AFF A700s节点报告SP HBT已停止并紧急关闭以恢复BMC
适用场景
- AFF A700
- BMC (底板管理控制器)
问题描述
- ONTAP 升级后、节点会尝试自动更新BMC
- 一个或多个节点上的自动更新失败:
[cluster-01: servprocd: sp.servprocd.upd.evts:debug]: params: {'reason': 'BMC update - Pre-update checks passed.'}
[cluster-01: servprocd: sp.servprocd.upd.evts:debug]: params: {'reason': 'SP Firmware network update from 1.89 to 1.91 has been triggered.'}
[cluster-01: servprocd: sp.servprocd.upd.unexpt.evts:debug]: params: {'reason': 'BMC update - Update failed after timeout.'}
[cluster-01: servprocd: sp.servprocd.upd.error:error]: SP update error: SP firmware update failure has been detected.
[cluster-01: servprocd: sp.servprocd.upd.unexpt.evts:debug]: params: {'reason': 'BMC update pre-update checks failed.'}
[cluster-01: servprocd: sp.servprocd.upd.error:error]: SP update error: SP firmware update failure has been detected.

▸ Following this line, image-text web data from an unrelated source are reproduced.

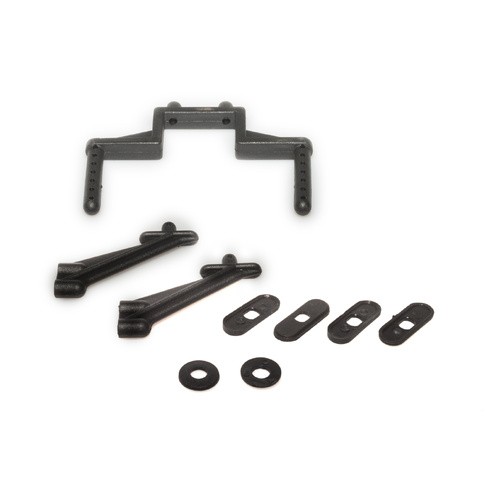 LRP BODY AND WING MOUNT - S10 TWISTER TX - Bild 1 von 1
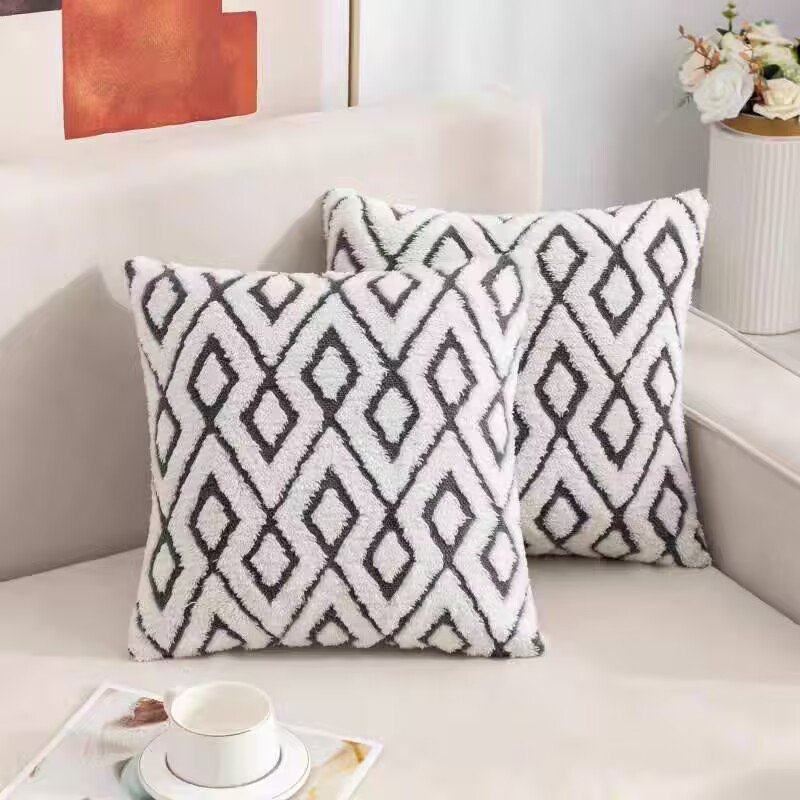 ソファクッションとクッション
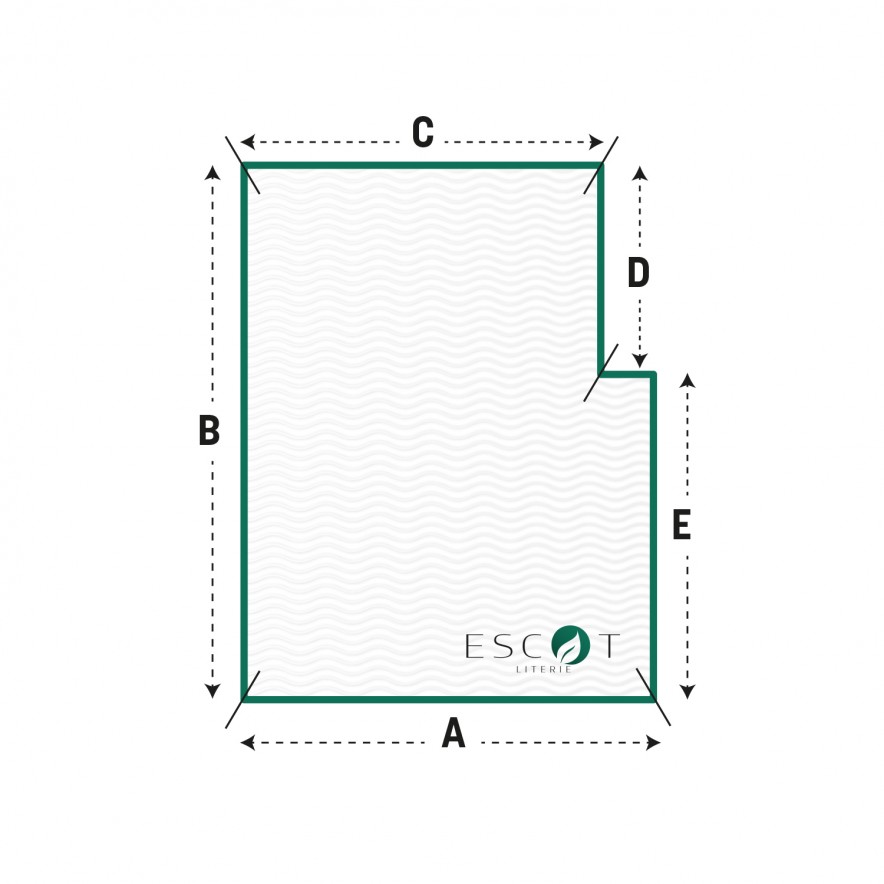 CROQUIS MATELAS SURMESURE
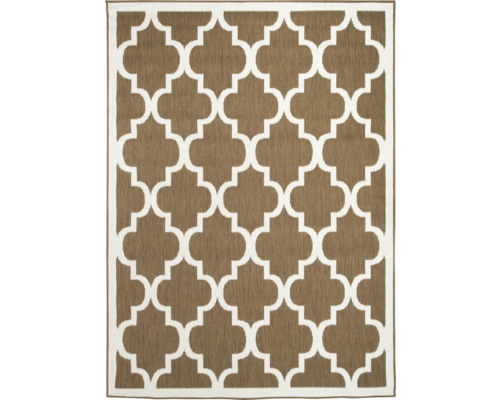 Vloerkleed Reverso clay Arabic 160x230cm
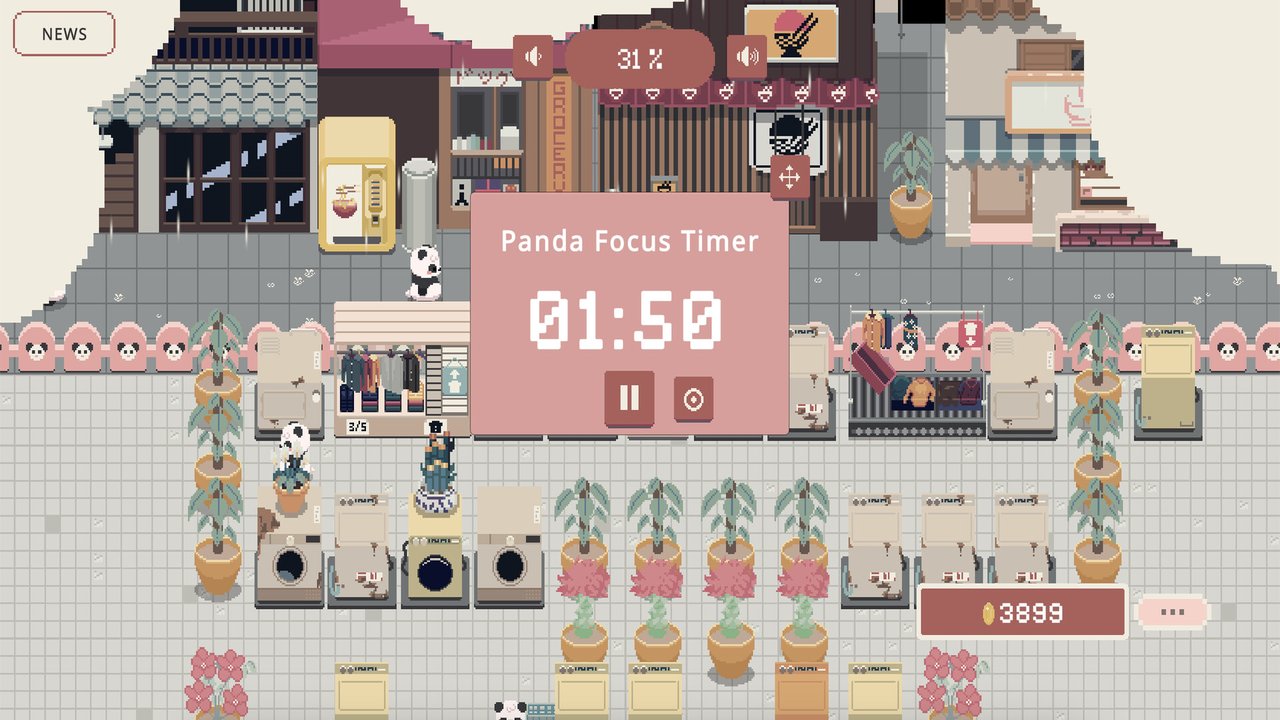 Bao Bao’s Cozy Laundromat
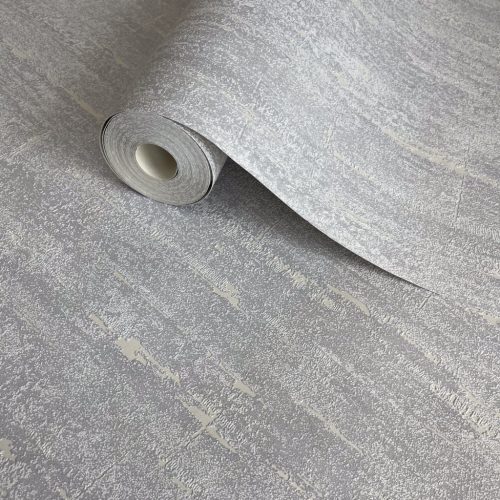 Szürke színű szórt mintás Grandeco papír-habtapéta uni 2026 A22310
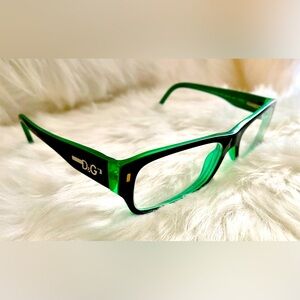 ✨DOLCE&GABBANA✨ Vintage Classic D&G Green Stylish Glasses Frames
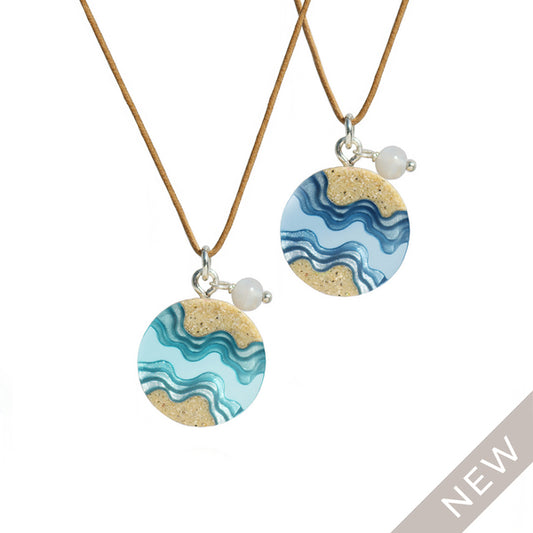 Aqua - Seaway Necklace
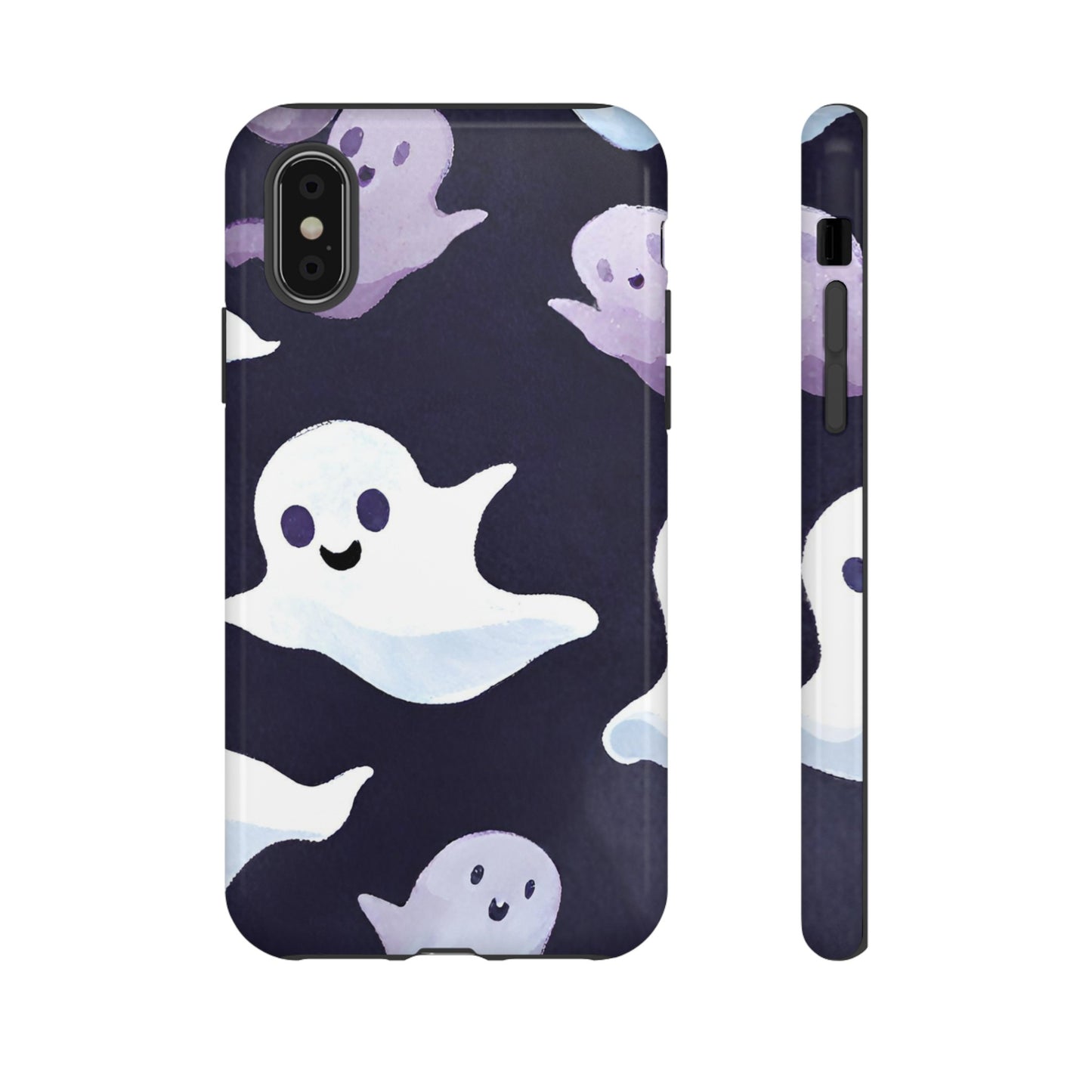 Cute Ghosts Phone Case | iPhone 15 Plus/ Pro, 14, 13, 12| Google Pixel 7, Pro, 5| Samsung Galaxy S23 All Major Phone Models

- 这会导致出现SP未命中和检测信号停止的AutoSupport 通知
[cluster-01: env_mgr: callhome.sp.hbt.missed:notice]: Call home for SP HBT MISSED
[cluster-01: env_mgr: callhome.sp.hbt.stopped:alert]: Call home for SP HBT STOPPED
- 出现此情况几天后、节点将暂停、并且无法通过BMC远程访问:
[cluster-01: env_mgr: monitor.shutdown.emergency:EMERGENCY]: Emergency shutdown: Environmental Reason Shutdown (System reboot to recover the BMC)
- 控制台与节点的连接表示没有BMC日志(
system log console
、system log console bak
system log sel
均为空或仅包含一个条目) - 尝试从加载程序启动节点会导致:
***************************************************
This platform is not supported in this release.
The system will now halt
***************************************************